----- Data segment -----

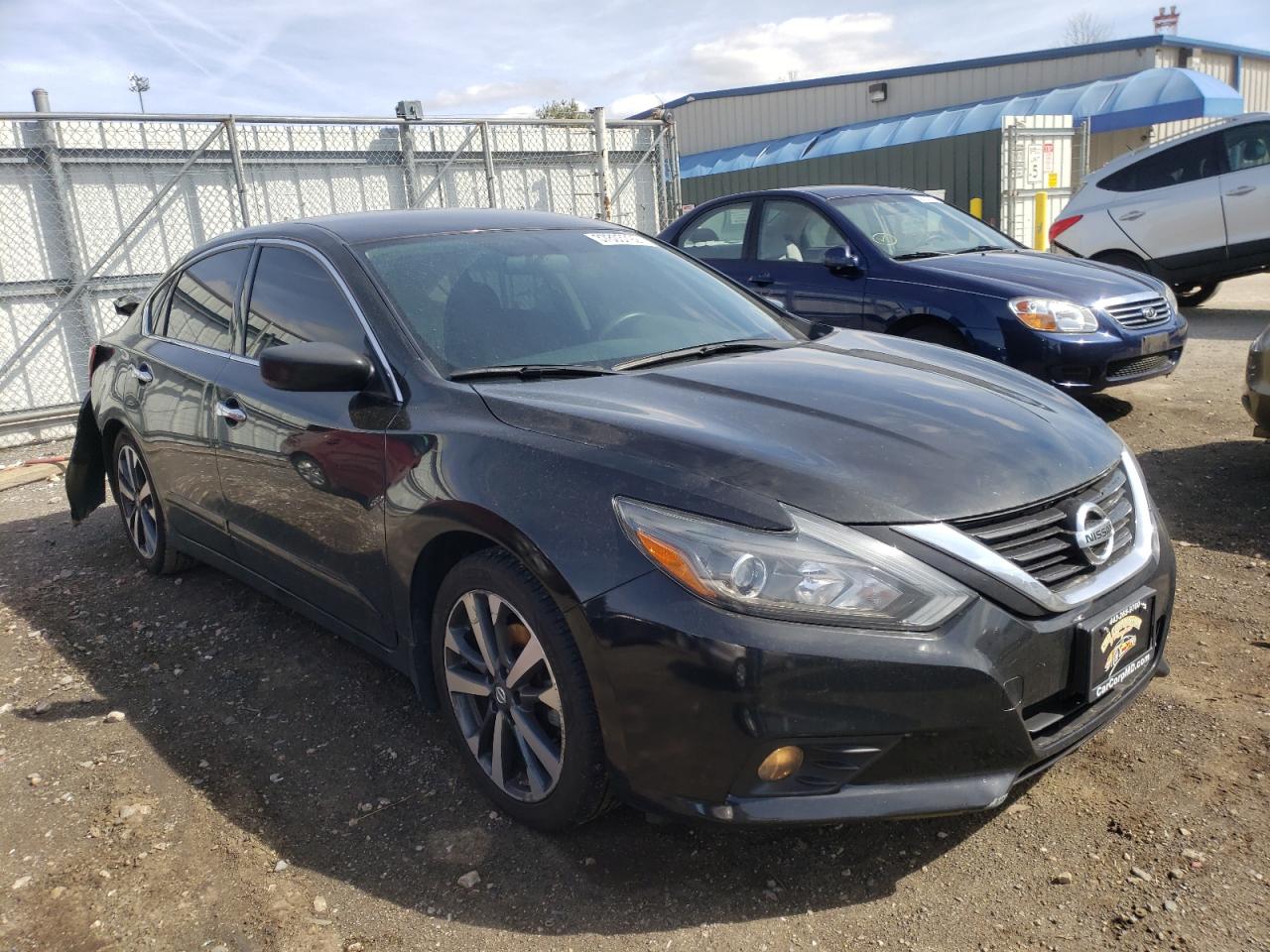 NISSAN ALTIMA 2.5 2017 with VIN 1N4AL3AP7HC472334 - Photo from auction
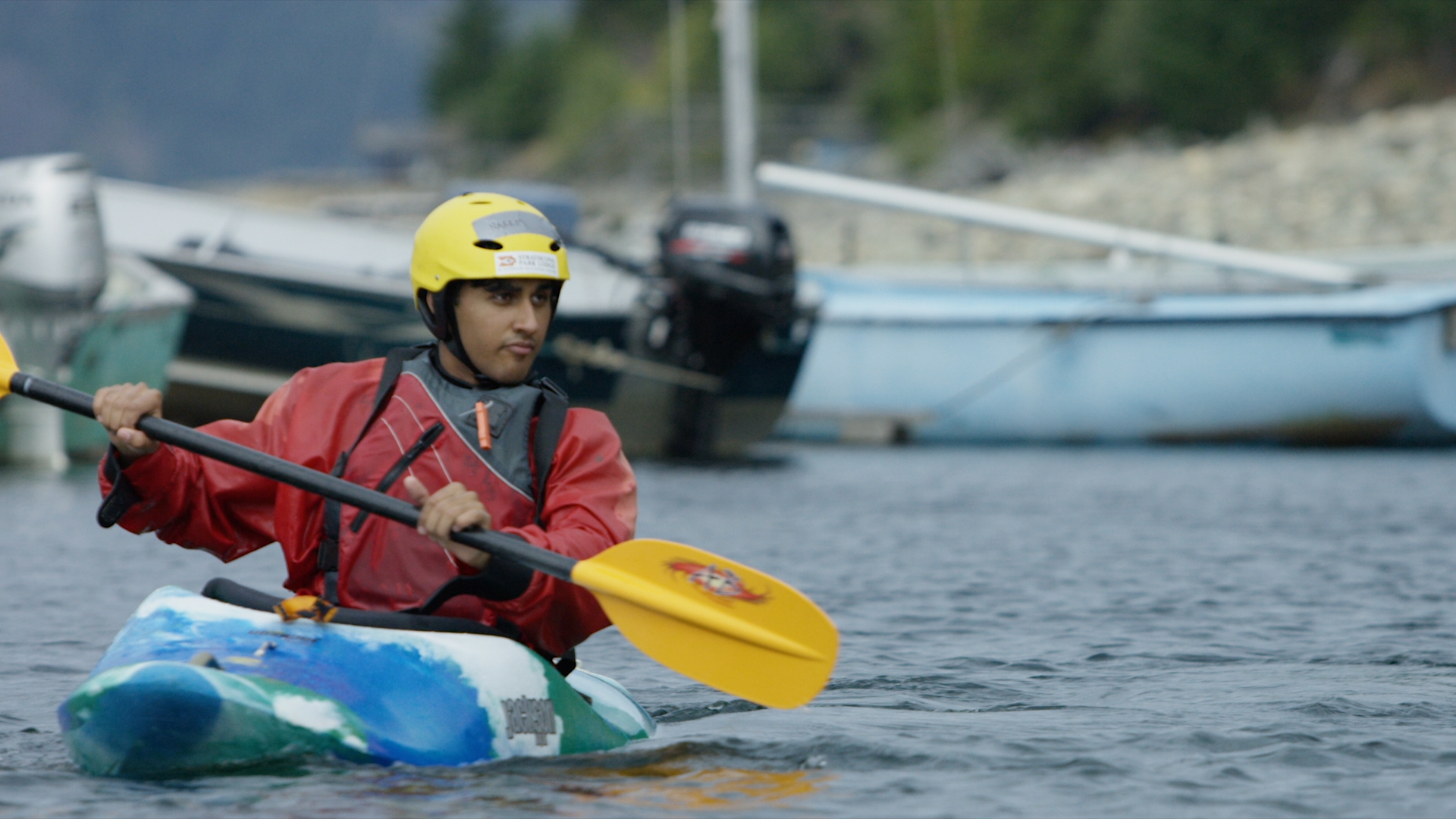 A close up of a kayaker in a red jacket and lifejacket paddles near the shoreline of the Campbell River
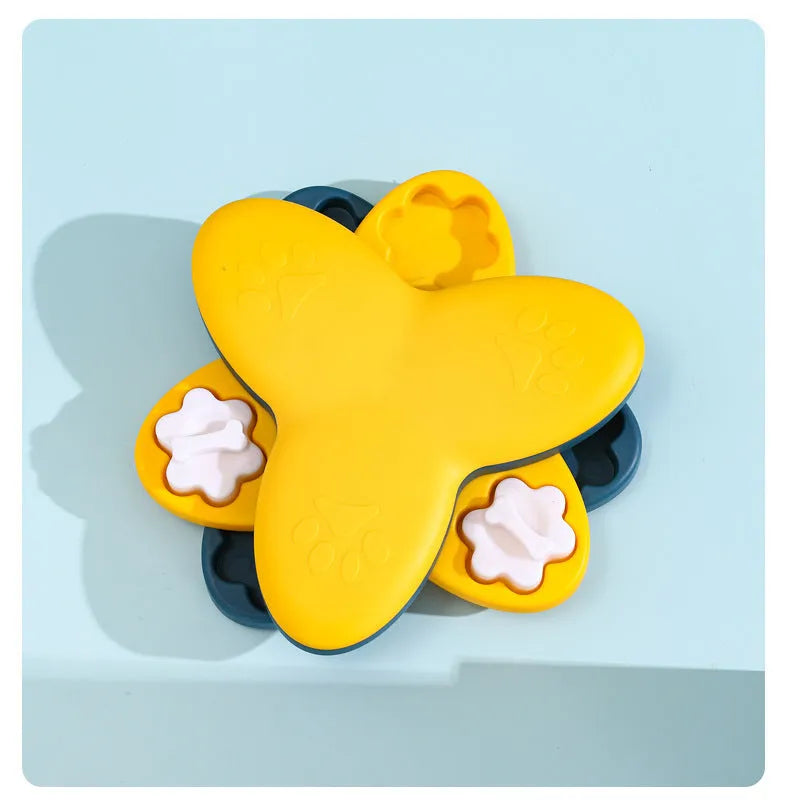 Green dog puzzle toy with bone-shaped covers showing nine compartments for treat dispensing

-----

No pictures go in the copy. Output exactly the lines from the line containing "A close up of" through the end of the listing above.

 A close up of a kayaker in a red jacket and lifejacket paddles near the shoreline of the Campbell River
 Green dog puzzle toy with bone-shaped covers showing nine compartments for treat dispensing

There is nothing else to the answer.